Chandigarh: As campaigning officially ended Saturday evening for Monday’s (Jan 30) election to Punjab’s 117 assembly seats, the ruling Shiromani Akali Dal-Bharatiya Janata Party (BJP) alliance and main opposition Congress made confident claims to victory.
With neither of the two main contenders seeing a wave in their favour, both sides are keeping their fingers crossed.
Counting of votes takes place March 6.
What is worrying for both sides is the uncertainty surrounding the newly floated People’s Party of Punjab (PPP) of former state finance minister Manpreet Singh Badal and his third front (Sanjha Morcha). Both sides are unsure of how much the PPP will cut into their respective vote shares.
With the state going to polls under re-carved assembly seats, many candidates are testing themselves in new political waters, leading to further uncertainty.
There are a total of 1.76 crore eligible voters.
The Akali Dal-BJP combine has harped mainly on the development plank, claiming that Punjab has not witnessed as much development as has been seen in the last five years (2007-2012) of their rule.
“We have gone to the people with the sole agenda of development. Punjab has seen a sea change on the ground level with scores of flyovers, bridges, roads and other development projects. The opposition (Congress) has nothing to show. We are going to win between 80-85 seats.

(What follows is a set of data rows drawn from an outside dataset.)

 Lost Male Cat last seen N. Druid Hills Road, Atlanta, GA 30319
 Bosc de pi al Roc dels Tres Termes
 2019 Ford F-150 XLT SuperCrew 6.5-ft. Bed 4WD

The mood among people is upbeat for us,” Akali Dal president and Deputy Chief Minister Sukhbir Singh Badal said.
Led by Sukhbir, the Akali Dal wants to reverse the trend in Punjab where no party in over four decades has been returned to power after completing its term.

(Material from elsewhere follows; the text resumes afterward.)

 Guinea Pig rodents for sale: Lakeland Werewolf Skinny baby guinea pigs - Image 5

“There is no anti-incumbency. In fact, there is pro-incumbency. We will come back to power with more seats,” Sukhbir Badal asserted.
For the Akali Dal, this election is a testing ground for its relatively young president Sukhbir Badal, 49, the son of Punjab chief minister and party patron-in-chief Parkash Singh Badal, 84.

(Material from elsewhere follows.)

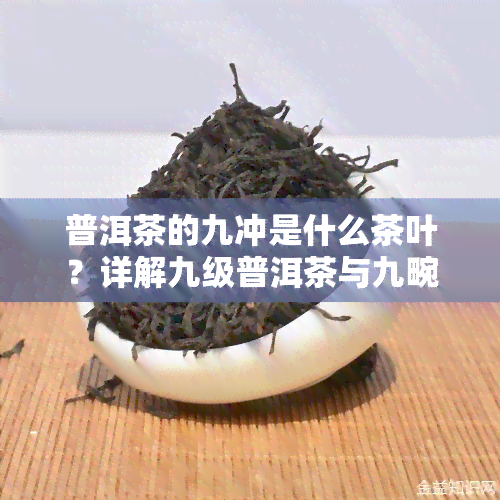 普洱茶的九冲是什么茶叶？详解九级普洱茶与九畹普洱茶的区别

The senior Badal has largely been confined to his Lambi assembly constituency in Muktsar district in, perhaps, his toughest political test as he faces his younger brother, Gurdas Badal, 81, of the PPP and cousin Maheshinder Singh Badal of the Congress in a bitter triangular contest.
In the 2007 assembly polls, the Akali Dal had 49 legislators with alliance partner BJP winning another 19 seats (total tally 68). The Congress had 44 legislators while five seats were won by Independents.
The Congress too says it is smelling victory.
“We are going to form the next government. The Akalis are going to be wiped out. We will win 75-80 seats easily. All their claims of development are a sham. Most of the things have come from central government funds,” a confident Punjab Congress president and former chief minister Amarinder Singh said.
“We had hundreds of leaders wanting the Congress ticket this time. Everyone wanted to be on the winning side. That shows that we are coming back to power,” he added.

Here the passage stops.